Odin enjoyed his birthday, we spent the day at the beach and he got a bath when we got home. 


Odin @ 8 weeks









Loungin at the beach after a swim. (Cell phone pic)







[/img] 

He decided to pose for some pictures after his bath











Happy birthday baby!! You almost look grown up now.


----------



## Cassidy's Mom (Mar 30, 2003)

Wow, gorgeous!


----------



## 3K9Mom (Jun 12, 2006)

Oh, Happy Birthday Odin!









What a fine looking guy you are!


----------



## Fodder (Oct 21, 2007)

OH MAN he's pretty!








Odin!!!


----------



## thor wgsd (Jun 18, 2008)

Happy birthday Odin!
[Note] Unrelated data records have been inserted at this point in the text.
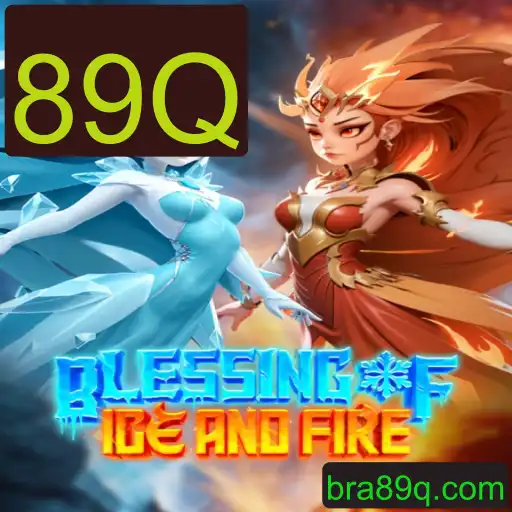 Blessing of Ice and Fire: Um Mergulho nas Regras e Desafios do Novo Jogo Revolucionário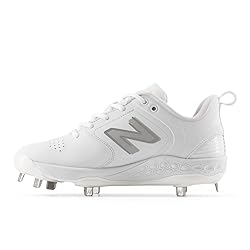 New Balance Women's Fresh Foam Velo V3 Softball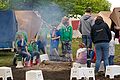 2015-05-30_08-42-07_2015-05-30_08-42-07_IMG_8983.jpg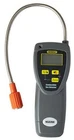 Combustible Gas Leak Detector #NGD269 New. Price: $449.98.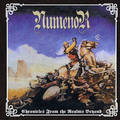 NUMENOR / Chronicles from the Realms Beyond@i2018 version) []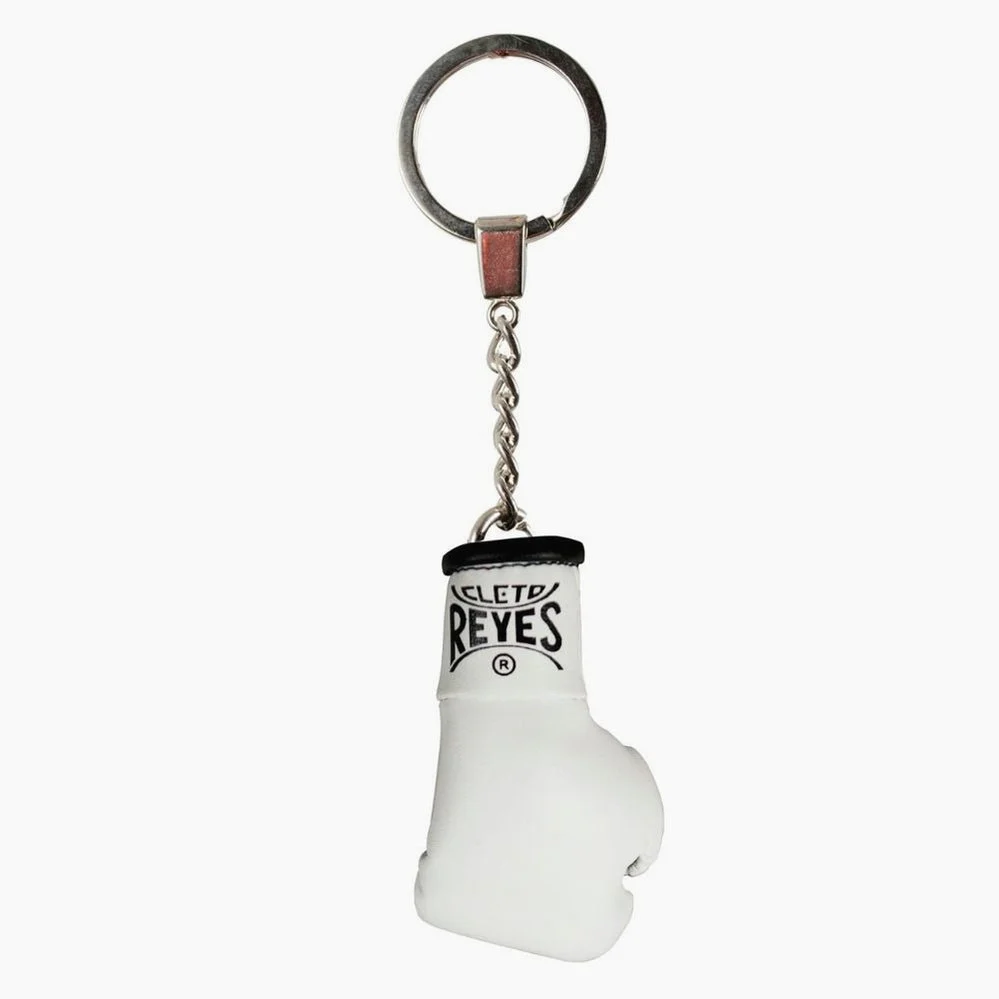 Porta-chaves luva Cleto Reyes - Image 6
He looks great!


----------



## rjvamp (Aug 23, 2008)

Happy Birthday Odin!!!!!


----------



## aaron.whitney (Oct 7, 2007)

Thanks everyone, Odin sends big dog kisses to you.


----------



## CherryCola (Apr 24, 2006)

Happy Birthday Odin!!!!! You are gorgeous!


----------



## Sean Rescue Mom (Jan 24, 2004)

Happy Birthday Odin and many, many more!


----------



## kelso (Jan 22, 2007)

Odin!!


----------



## BowWowMeow (May 7, 2007)

Happy Birthday Odin!


----------



## Guest (Aug 27, 2008)

My Odin wanted to be sure to wish your Odin a happy birthday!









Nice build on your boy, btw. Well worthy of the name.


----------



## Kayos and Havoc (Oct 17, 2002)

Happy Bday Odin!!! He is a stunning boy and looks like my Havoc!!


----------



## geebee78 (Jan 31, 2007)

What a beautiful boy....Happy Birthday Buddy!


----------